**Task details:**
Leave every picture out, and give again exactly the lines from the one containing "JavaScript Counter App" through the end of the listing.

**Available data:**

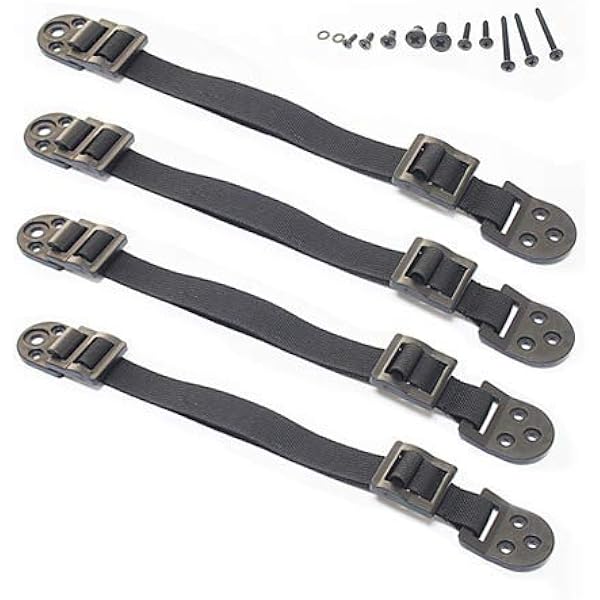 4 Ancoraggi Da Parete Regolabili Per Mobili - Antiribaltamento Per Sicurezza Bambini - Foto 9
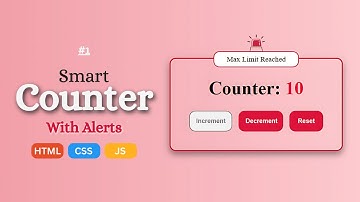 JavaScript Counter App | How to Build a Smart Counter (Beginner Tutorial)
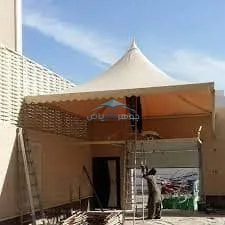 مظلات هرمية سيارات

**Answer to the exercise:**
 JavaScript Counter App | How to Build a Smart Counter (Beginner Tutorial)
 مظلات هرمية سيارات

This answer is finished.